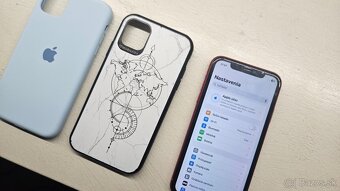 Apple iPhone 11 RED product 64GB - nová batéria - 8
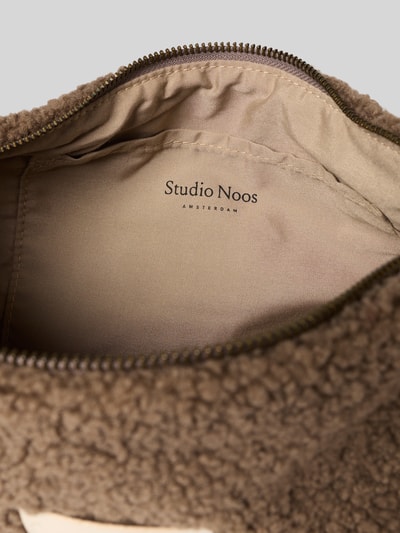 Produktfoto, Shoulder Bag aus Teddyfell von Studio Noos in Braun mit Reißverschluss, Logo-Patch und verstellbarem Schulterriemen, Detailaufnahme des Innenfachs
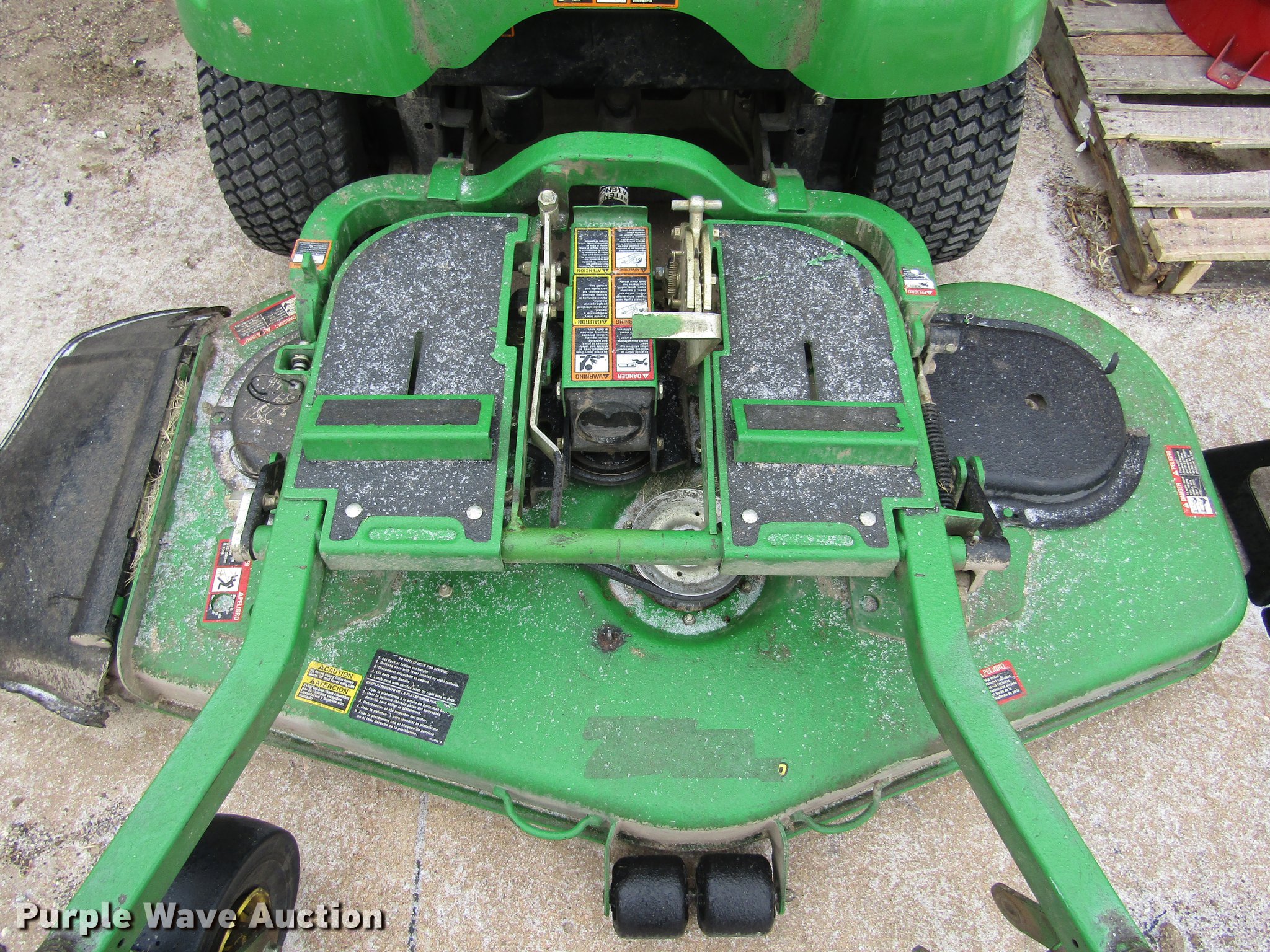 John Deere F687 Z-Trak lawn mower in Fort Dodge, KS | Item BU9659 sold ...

...

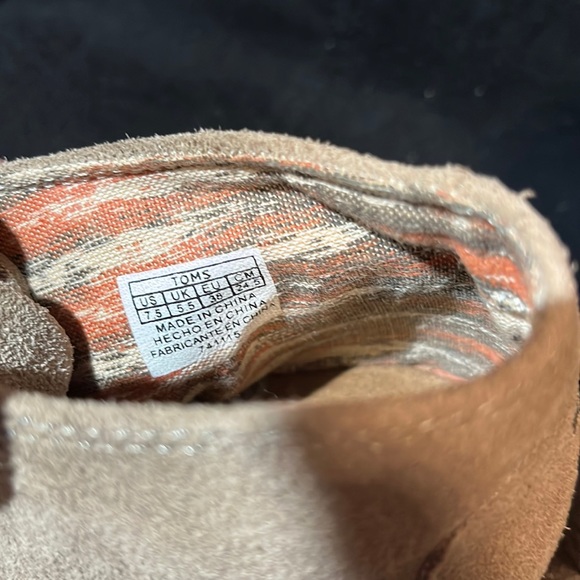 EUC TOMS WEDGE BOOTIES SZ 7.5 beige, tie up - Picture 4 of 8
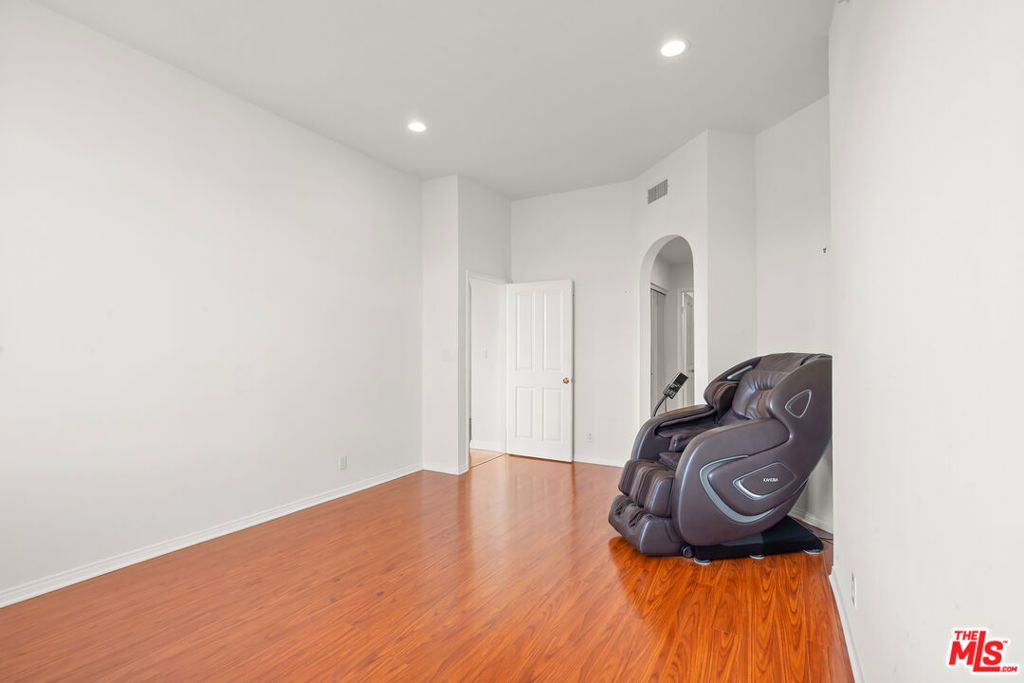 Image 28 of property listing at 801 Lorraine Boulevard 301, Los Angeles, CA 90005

* Exercise description
Only one part of the material above is wanted: the lines from the one with "Apple iPhone 11" up to and including the one with "John Deere F687". Please copy them exactly, pictures left out.

* Task solution
 Apple iPhone 11 RED product 64GB - nová batéria - 8
 Produktfoto, Shoulder Bag aus Teddyfell von Studio Noos in Braun mit Reißverschluss, Logo-Patch und verstellbarem Schulterriemen, Detailaufnahme des Innenfachs
 John Deere F687 Z-Trak lawn mower in Fort Dodge, KS | Item BU9659 sold ...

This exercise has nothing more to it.